In the year 41 post-Uxor, countries like New France are heavily militarized and entire districts out of control, such as South Paris 5, governed by the criminal boss Big Blue, an “artist” who collects sadistic human installations. The wealthy dine at illegal cannibal­istic restaurants like Le Sphinx Tatoué, where they can have sadistic sex and unorthodox meals with “disposable” prostitutes, while mutated rats compete with human wretches on the streets for scraps of food.
New Moon Corpor­ation is making a profit out of this mess, experimenting with new drugs and breeding humans to produce meat for the rich. To this end, NARAKA, aka New Belmarsh Peniten­tiary, is built on the Moon, a way to control the spread­ing criminality by removing from the planet the worst scum of Earth. This includes Kiki Léger, former South Paris 5 prostitute turned professional assas­sin. In Naraka, inmates are slaugh­tered, packaged, and delivered to Earth in cans, while a lunatic pedophile priest makes up a new heretic religion. Even worse things happen in the lower layers of the underground, hive-like structure…

 

When people like Rose O’Keefe, Greg F. Gifune or Edward Lee recommend a book, I won’t be just curious, I’ll read the book asap – there are some recommendations, you just obey.

Alessandro Manzettis Naraka is such a book.
What makes the whole thing even more interesting is the fact that Manzetti is the founder and owner of Independent Legions Publishing – a publisher I quickly learned to appreciate.
The founder of Independent Legions Publishing writes a book recommended by the monsters of the Splatterpunk-Scene (and fortunately is available in an english translation, as I unfortunately don’t speak italian)?!

 

»A tutto c’e rimedio fuor che alla morte.«
(There’s a cure for everything but death.)

 

"Naraka" is a term from Buddhist cosmology. It’s a place of suffering and physical torment and thus corresponds roughly to the term "hell" or "purgatory".
Naraka differs from the hell of Christianity in two ways:
first, beings are not sent to Naraka as the result of a divine judgment or punishment;
secondly, the duration of a being’s stay in Naraka is not eternal, but only a transitional phase of the soul before its rebirth.

 

It’s difficult to concentrate Naraka: to "reduce" it to one story, one plot; difficult to compensate: to "regulate" what has been seen, has been experienced, has been lived; difficult to articulate: to "transport" this infinity, this transcendence…

Basically we always want to read and speak of an individuality, but here it’s different… and so equal.
Of course it’s individual, but that’s just one facet, just one "hell" (to follow and satisfy the context), Manzetti knows to harbor.
It’s private, it’s personal, it’s almost intimate in a grotesque way, how you follow Kiki Léger as a reader, as a third person, as yourself, sometimes even as hell Naraka. How you accompany her on her road.

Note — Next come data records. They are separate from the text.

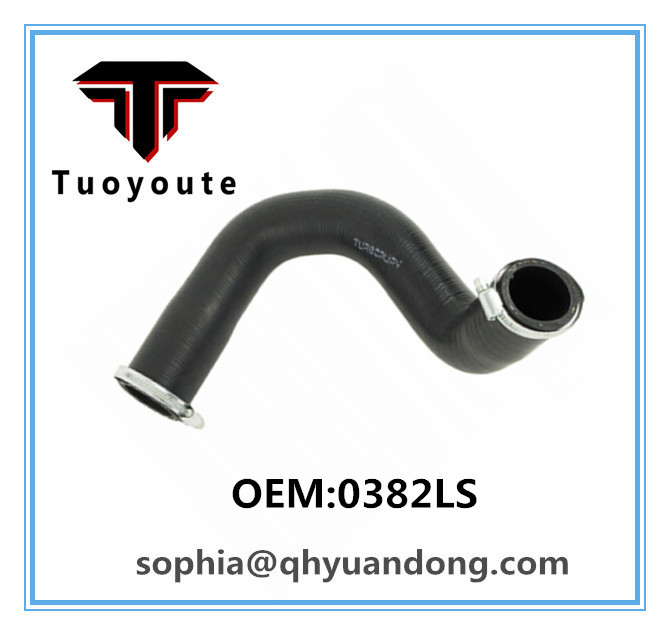 RADIATOR HOSE 0382LS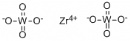 Zirconium Tungstate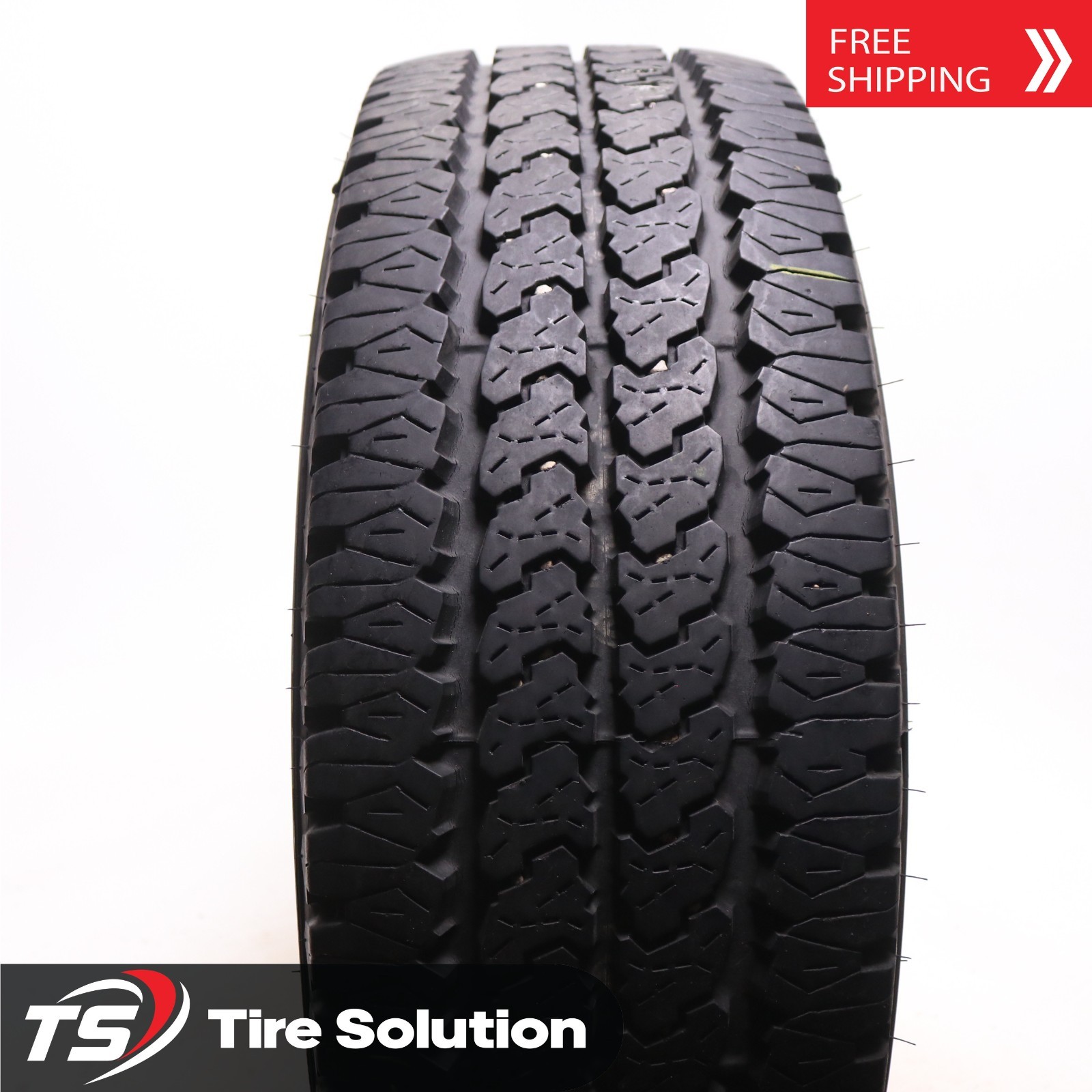 Used LT 265/70R17 Firestone Transforce AT – 121/118Q – 13/32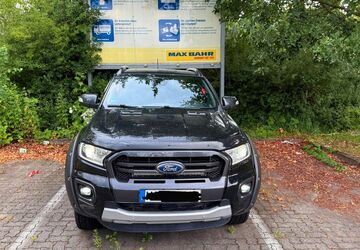 Ford Ranger 215.000 km 17.000 &euro; Hagen 58097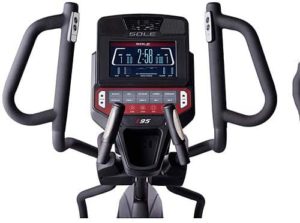 LCD Console From Sole E95 Elliptical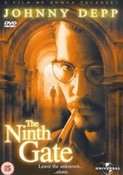 The Ninth Gate (1999) (DVD)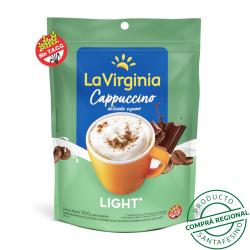 Cappuccino light - pouch La Virginia 100 Gr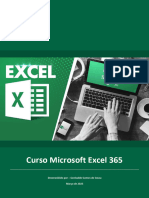 Manual Curso Excel Office 365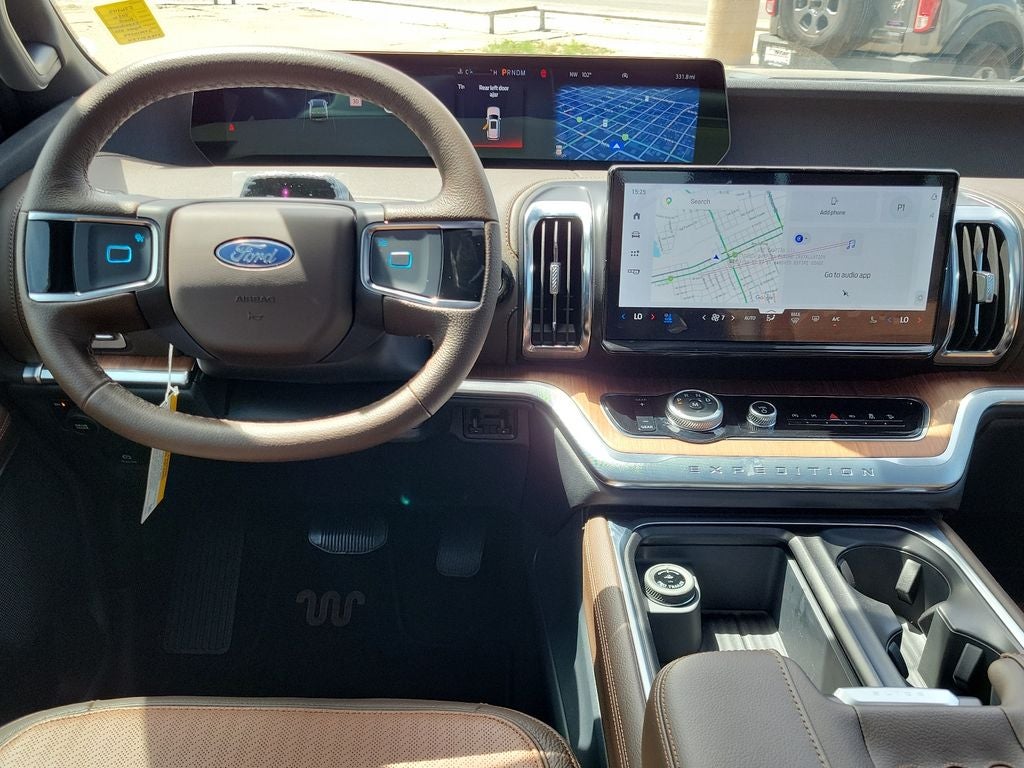 2026 Ford Expedition King Ranch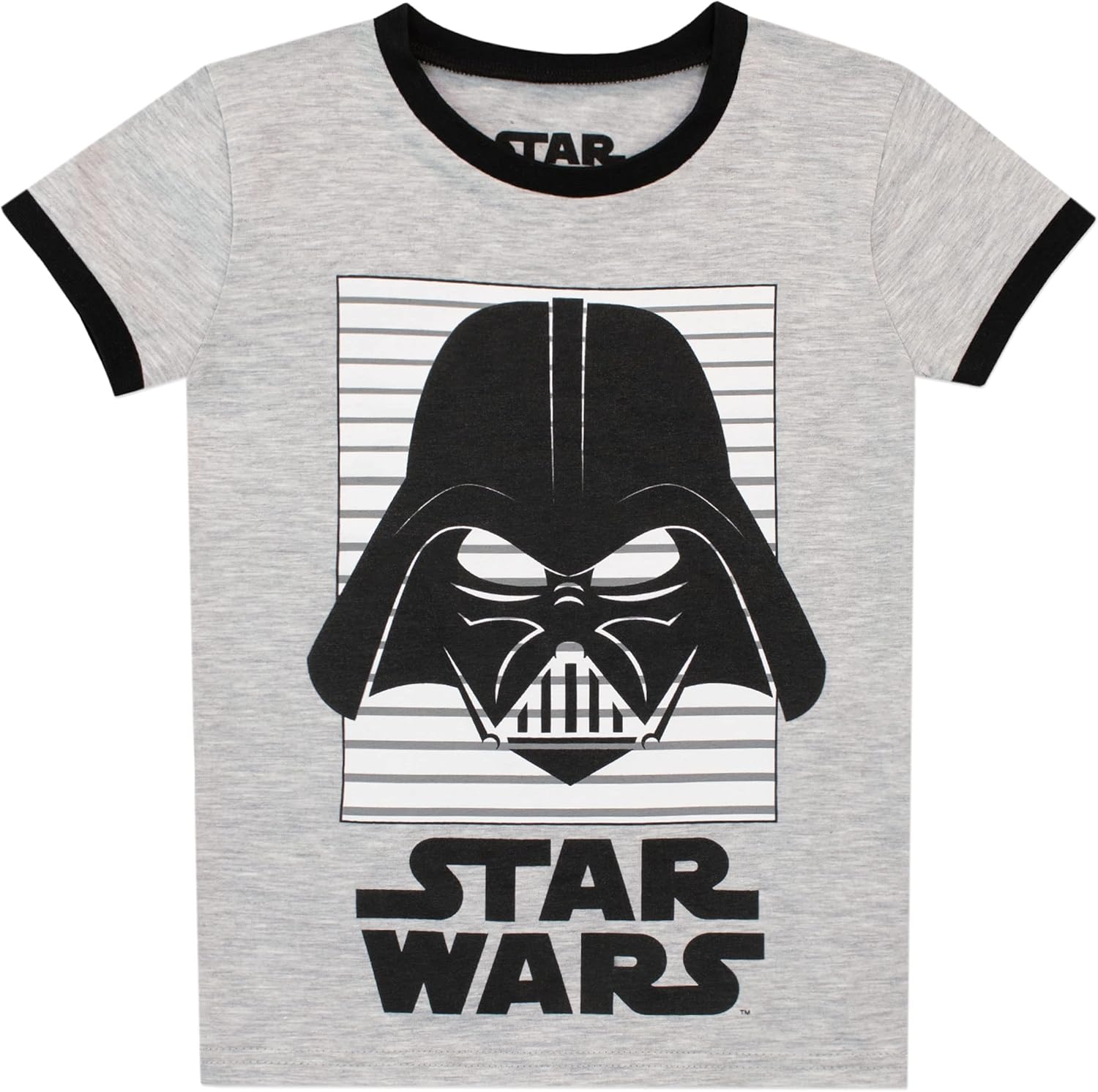 Lot de 2 pyjamas Star Wars Dark Vador pour garçon – Image 4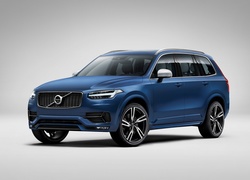 Volvo XC90 R-Design, 2015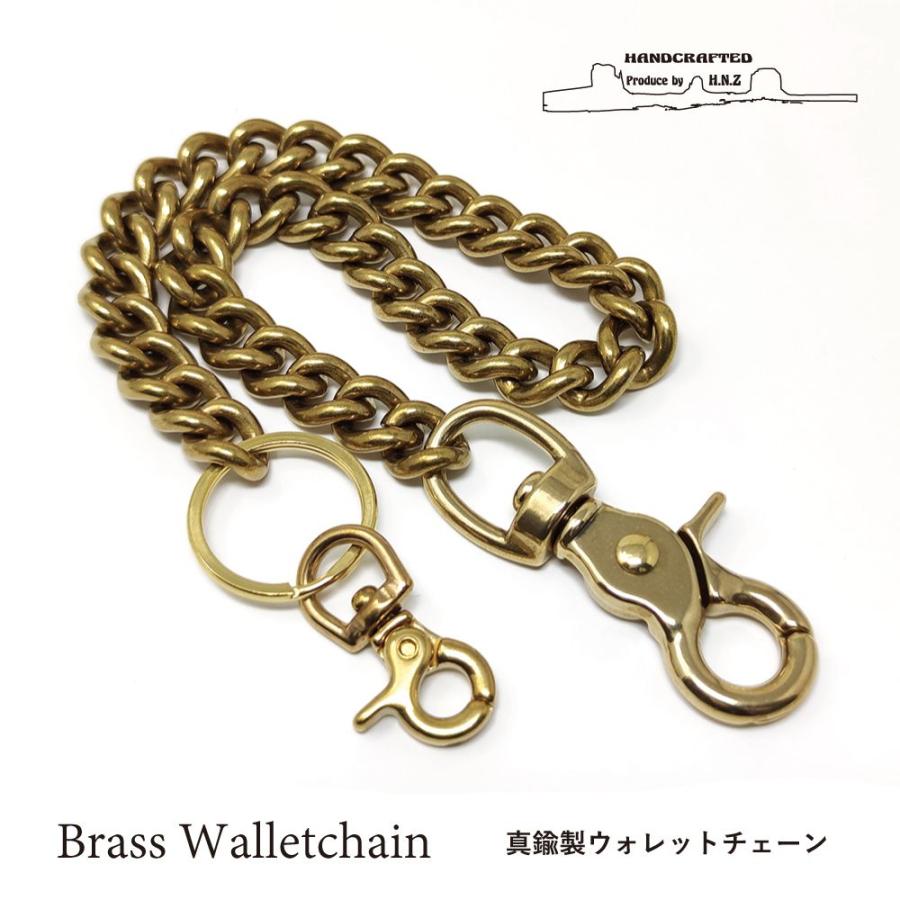 【送料無料】真鍮 ブラス ウォレットチェーン メンズ ゴールド キーフック キーリング ベルトループ 鍵 : Accessories&Goods  Springs - 通販 - Yahoo!ショッピング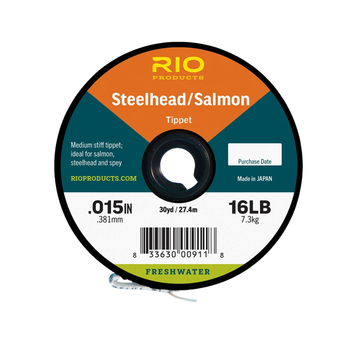 RIO Salmon Steelhead Tippet Glacial Green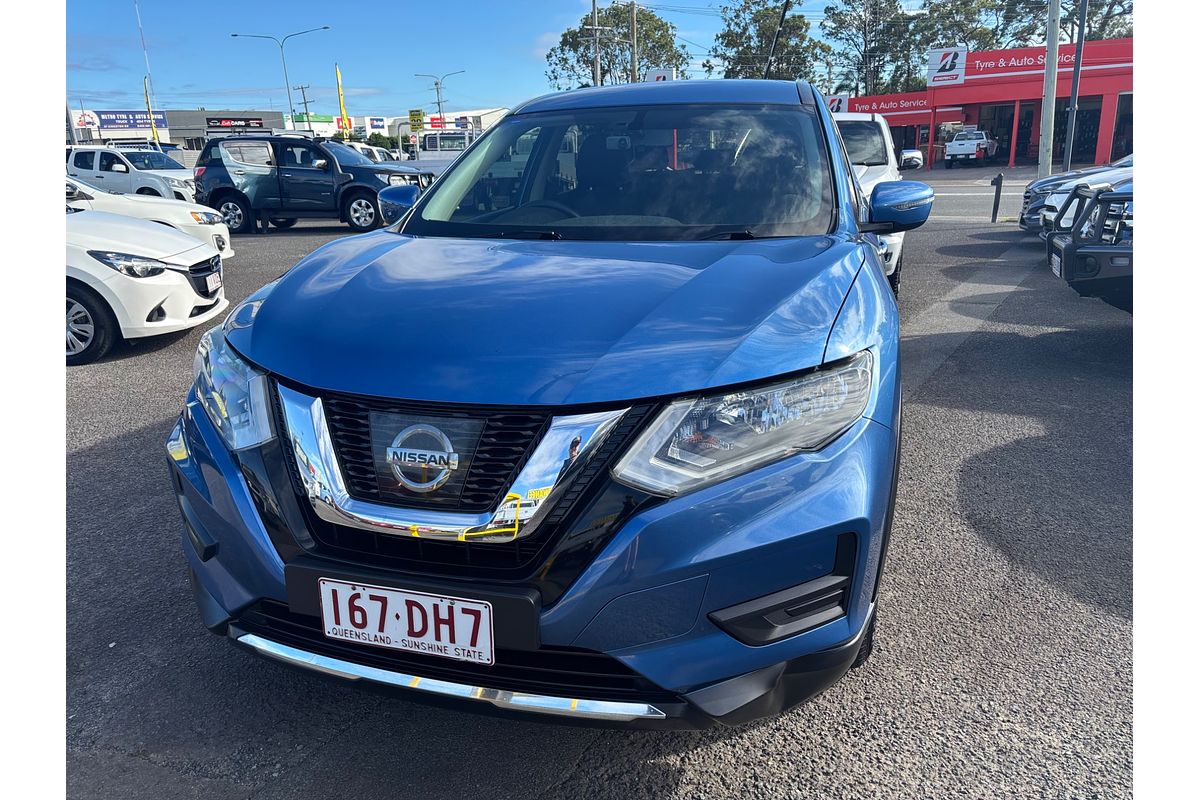 2018 Nissan X-TRAIL ST T32 Series II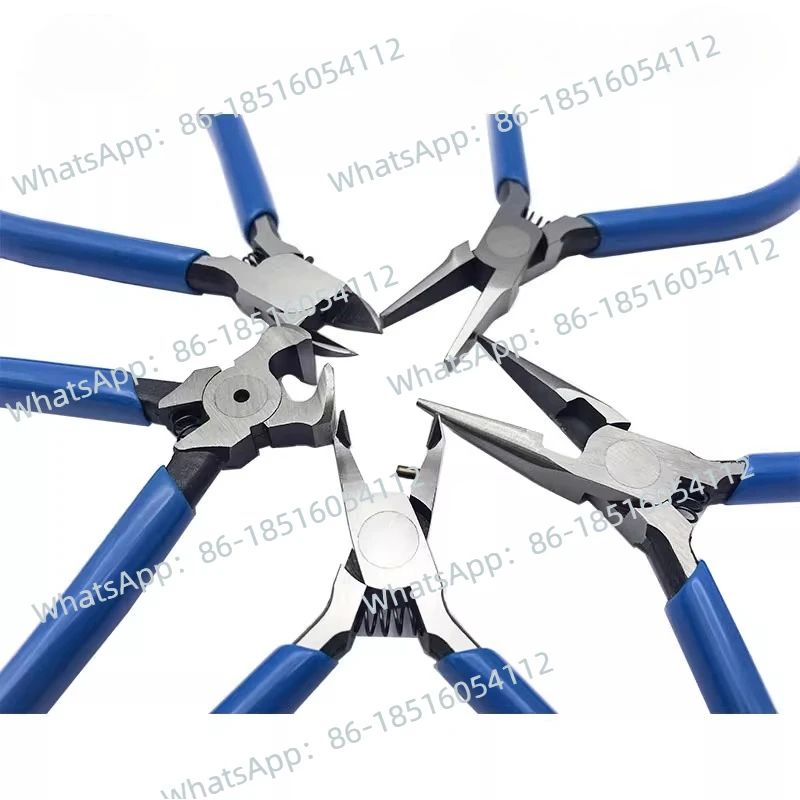 

Инструменты для ремонта часов, японские плоскогубцы Kakuda TTC, плоскогубцы, кусачки с острым носом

Kiki, the protagonist – as you’d normally write; here fate. Here road. Here the road of destiny you tread!
And perhaps that’s the biggest difference, Manzettis masterstroke, the hells (plural!) that are waiting here:
Naraka isn’t just a book about a protagonist, a fate, which you pursue and (in the best case) experience – no! – it’s the (personalized) road of destiny, taken by each of us.

Naraka.
The concentrate: reduction of origin.

Naraka.
The compensation: regulation of consequence.

Naraka.
The articulation: transport of persistence.

Naraka.
Three hells, that are waiting for the reader, who’s thrown into purgatory – three parts: Naraka, Kalasutra[1] and Samghata[2].

The first part, Naraka, abducts me to Butcher Bay (The Chronicles of Riddick: Escape from Butcher Bay, Starbreeze Studios, 2004) – this living post-apocalypse far away from any homeland; in addition the dystopic basic-mood from Alien – Resurrection (OT: Alien: Resurrection, Jean-Pierre Jeunet, 1997) mixed with the madness of A Scanner darkly (Philip K. Dick, 1977).
No pulling, no tearing – a tranquil welcome to hell.

It seems you less read than experience, than reveal with each further page, what we have let become of ourselves – the sickness of our work.
This raw piece of flesh, what it seems to be, what I hold in my hands here is, far from the saving shore of fiction, a bloody thriller; too much possibility, too much option, too much truth, to call it pure fiction!
Like a dystopian premonition, Naraka rises as the origin…

Part 1 – Naraka:
an unmistakable inferno, far from any theatricality – a Death-Metal-hammer à la Deicide as a book.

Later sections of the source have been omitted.